HONG KONG (BLOOMBERG) - Billionaire Li Ka-shing's flagship CK Hutchison Holdings reported earnings that exceeded analysts' estimates, helped by higher profits at its European mobile-phone operations.
Profit, excluding earnings from discontinued operations, rose 1.9 per cent to HK$15.2 billion (S$2.6 billion) during the first six months of 2016, compared with HK$14.9 billion a year earlier, CK Hutchison said in a statement on Thursday. The results beat the HK$14.8 billion median estimate in a Bloomberg survey of six analysts. Though the mobile-phone business helped profits during the half, headwinds abound.
Mr Li, who had urged Britons to vote in favour of staying in the European Union before the June 23 vote, is now bracing for the economic fallout from Brexit as CK Hutchison counts the U.K. as its biggest earnings contributor.

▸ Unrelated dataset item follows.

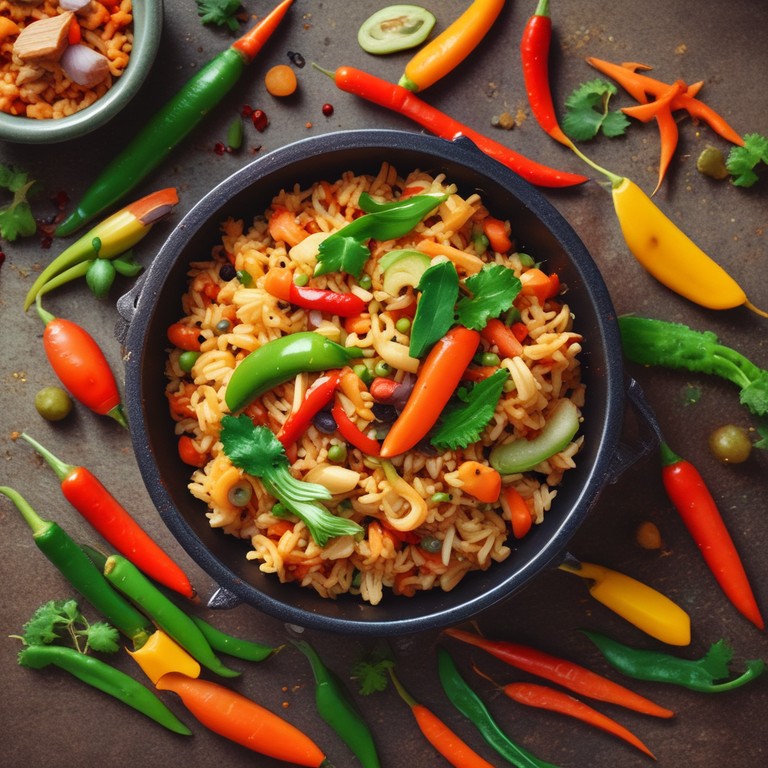 Spicy Vegetable Rice Stir Fry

The Bank of England earlier this month cut the nation's benchmark interest rate and expanded a stimulus plan as it prepares for a downturn. The central bank also cut its economic growth forecast for next year and 2018, citing concerns about weaker investment and consumption.
The 88-year-old tycoon's attempts to cut his reliance on the UK hit an obstacle on Thursday after the Australian government signaled it will block a bid by Mr Li's Cheung Kong Infrastructure Holdings Ltd. for a local electricity distributor. The company has a week to submit a revised offer. The Australian decision is the latest in a series of setbacks in the past few months for Hong Kong's richest man, whose business empire sprawls across energy to infrastructure and telecommunications. A plan to merge Mr Li's UK business with Telefonica SA's O2 was blocked by regulators in May, months after Hong Kong minority shareholders blocked the US$12.4 billion buyout offer for his Power Assets unit.
Meanwhile, Cheung Kong Property Holdings said first-half underlying profit rose 51 per cent as strong mainland sales offset a decline in Hong Kong.
Profit before investment property revaluation in the six months to June 30 was HK$8.3 billion from HK$5.54 billion a year earlier, according to a Hong Kong stock exchange statement on Thursday.
Hong Kong developers faced headwinds in the first half as prices of secondary properties declined 12 per cent from a September high and sales transactions have dropped 35 per cent amid slower growth, economic uncertainty and forecasts of a large increase in supply as the government tries to make housing more affordable. CK Property is the first major Hong Kong residential developer to release half-year results.